**Dataset records**
::::
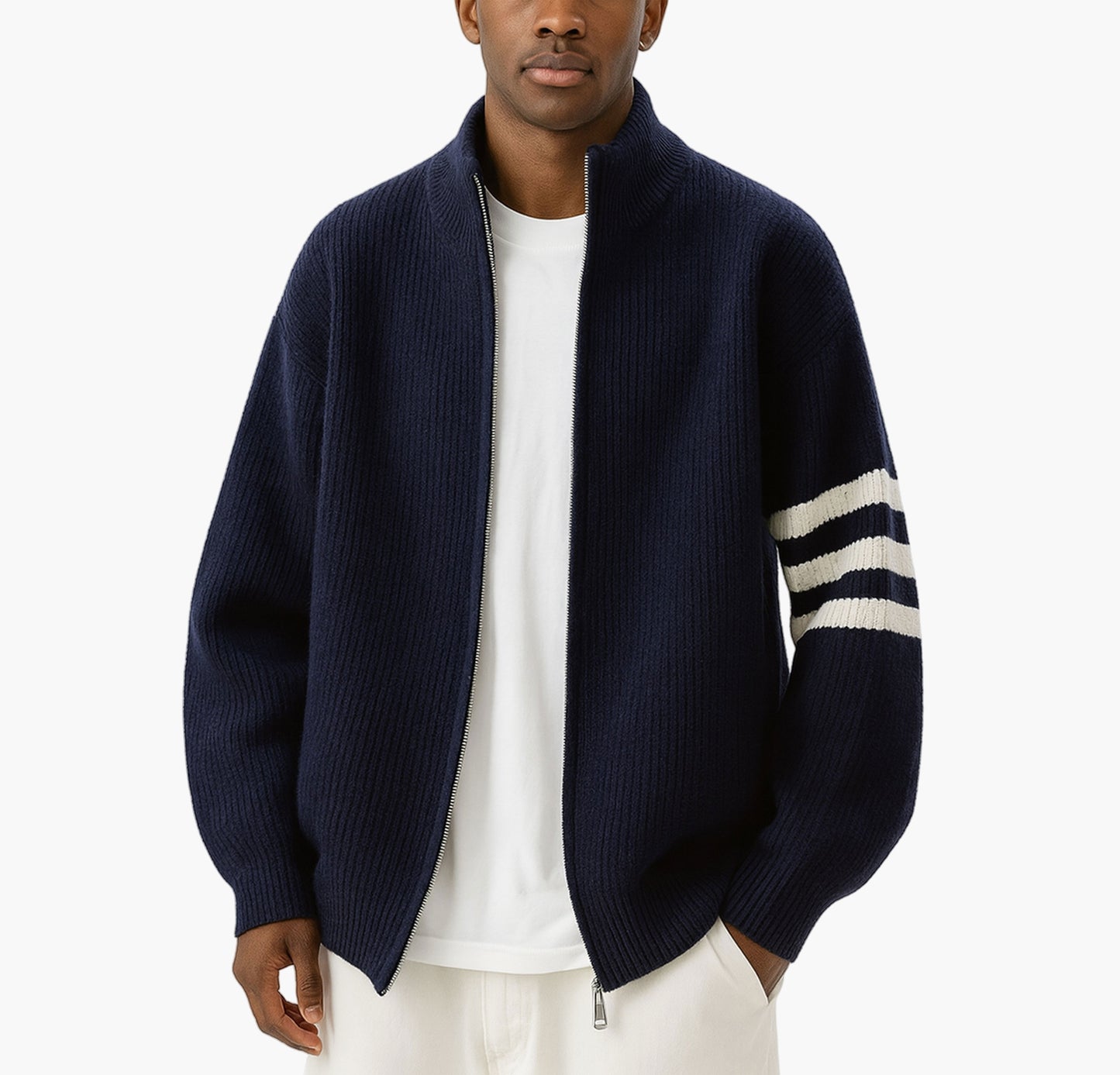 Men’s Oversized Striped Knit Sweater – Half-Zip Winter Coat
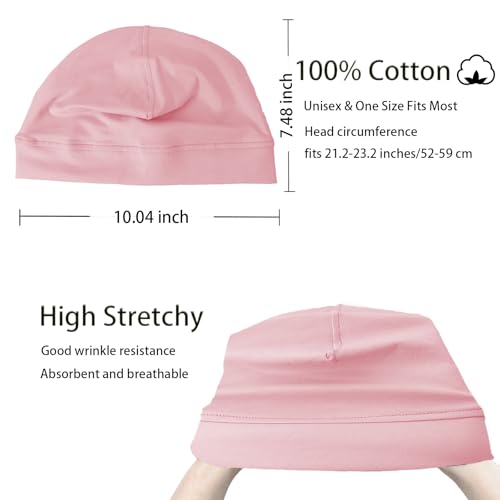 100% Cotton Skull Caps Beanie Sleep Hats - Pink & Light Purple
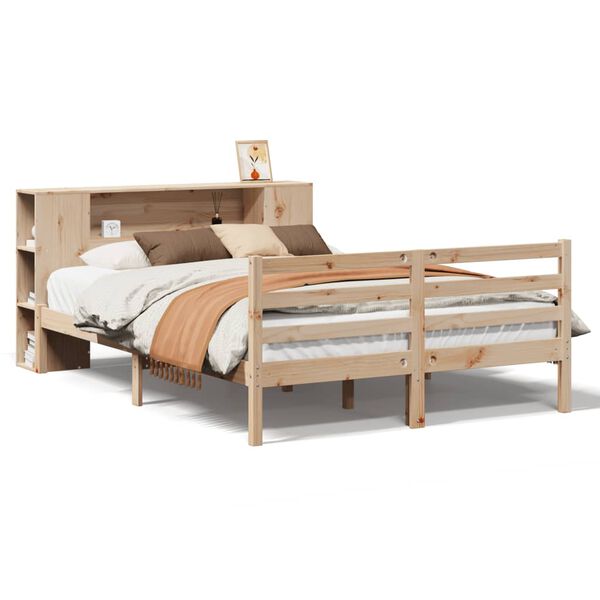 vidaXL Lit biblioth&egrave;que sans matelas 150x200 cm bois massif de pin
::::
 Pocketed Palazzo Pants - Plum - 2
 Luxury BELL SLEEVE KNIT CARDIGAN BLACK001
::::
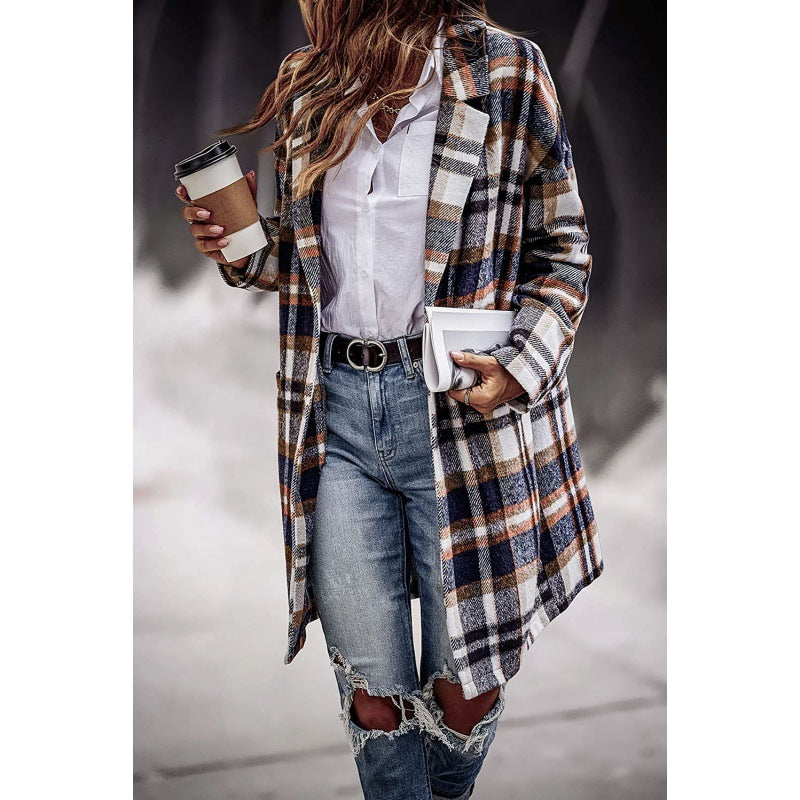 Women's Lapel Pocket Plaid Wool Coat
::::
**How to complete this task**
Repeat, character for character, the lines of the material above from the line with "Pocketed Palazzo Pants - Plum - 2" through the line with "Luxury BELL SLEEVE KNIT CARDIGAN BLACK001".

**Answer to the exercise**
 Pocketed Palazzo Pants - Plum - 2
 Luxury BELL SLEEVE KNIT CARDIGAN BLACK001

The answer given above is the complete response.